### Recorded information ###
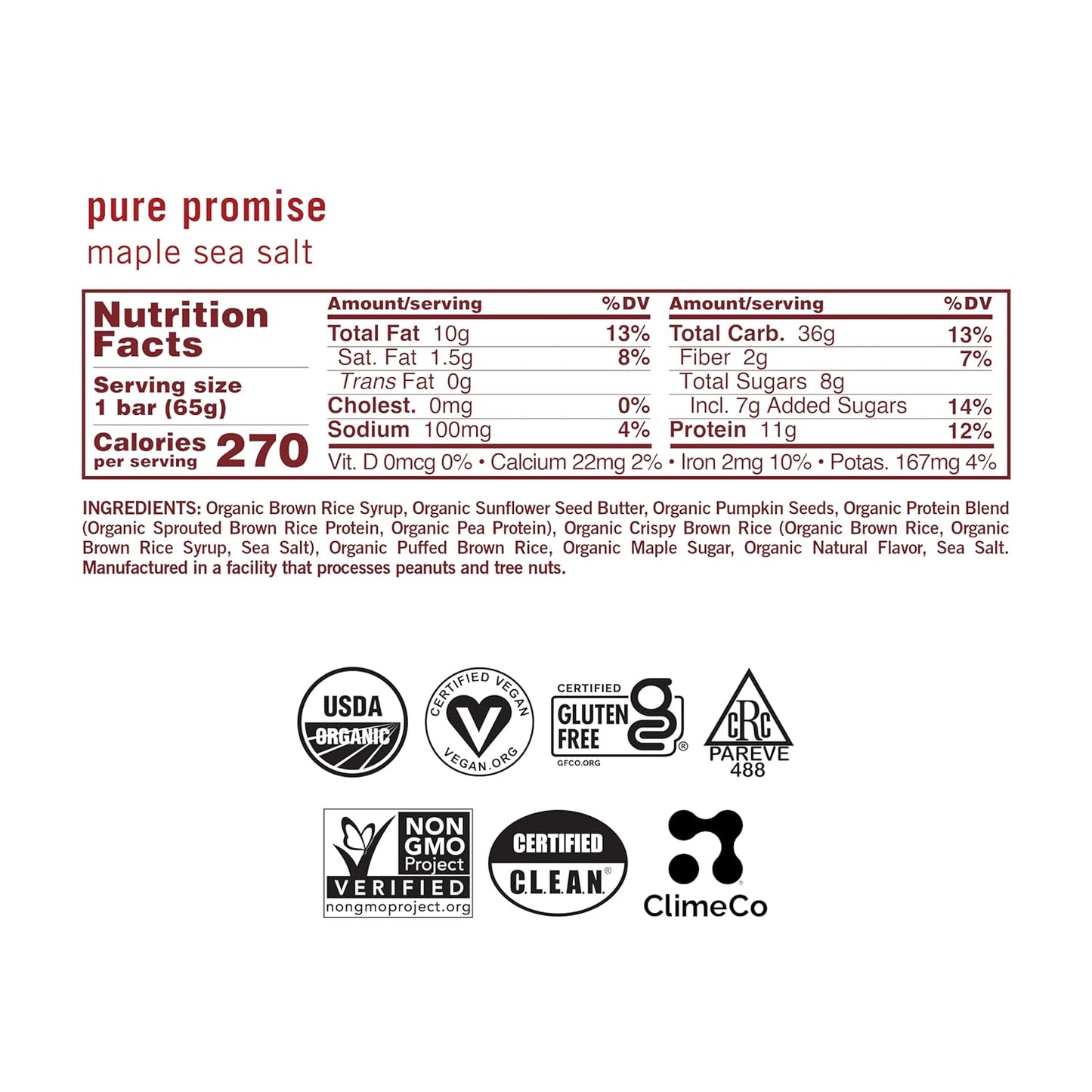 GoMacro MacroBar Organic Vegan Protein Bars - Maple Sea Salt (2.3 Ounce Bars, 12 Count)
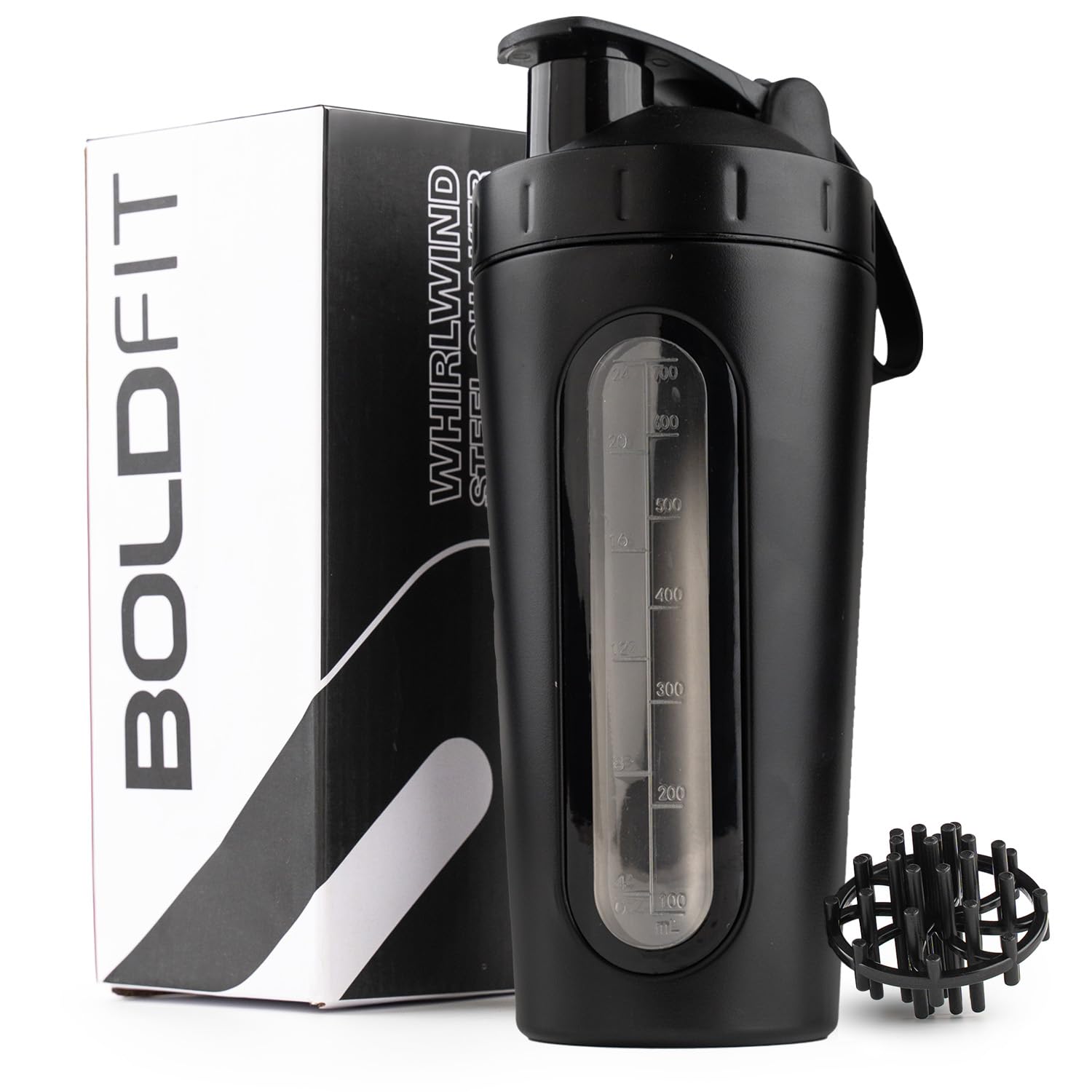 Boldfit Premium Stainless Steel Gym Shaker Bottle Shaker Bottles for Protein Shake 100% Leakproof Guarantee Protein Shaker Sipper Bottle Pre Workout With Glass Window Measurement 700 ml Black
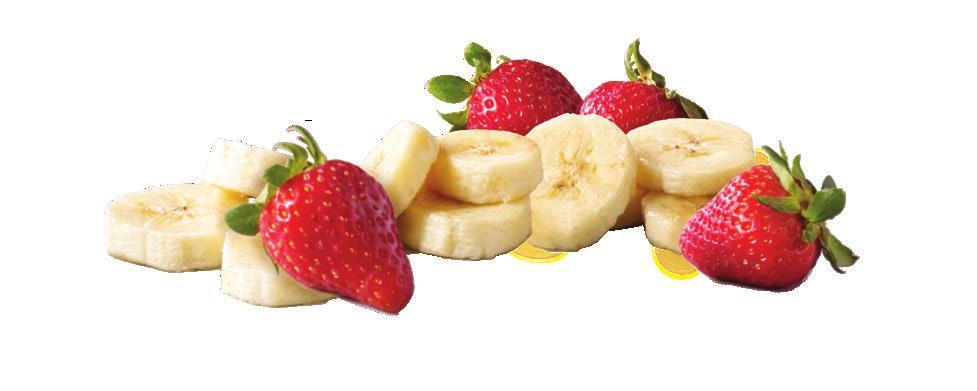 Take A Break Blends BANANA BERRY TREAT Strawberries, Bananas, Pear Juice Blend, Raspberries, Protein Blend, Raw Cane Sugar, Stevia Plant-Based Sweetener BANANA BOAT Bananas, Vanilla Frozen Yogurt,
###
> _Exercise description_
In your copy of the listing above, reproduce each line exactly and omit all pictures.

> _Output for this task_
 GoMacro MacroBar Organic Vegan Protein Bars - Maple Sea Salt (2.3 Ounce Bars, 12 Count)
 Boldfit Premium Stainless Steel Gym Shaker Bottle Shaker Bottles for Protein Shake 100% Leakproof Guarantee Protein Shaker Sipper Bottle Pre Workout With Glass Window Measurement 700 ml Black
 Take A Break Blends BANANA BERRY TREAT Strawberries, Bananas, Pear Juice Blend, Raspberries, Protein Blend, Raw Cane Sugar, Stevia Plant-Based Sweetener BANANA BOAT Bananas, Vanilla Frozen Yogurt,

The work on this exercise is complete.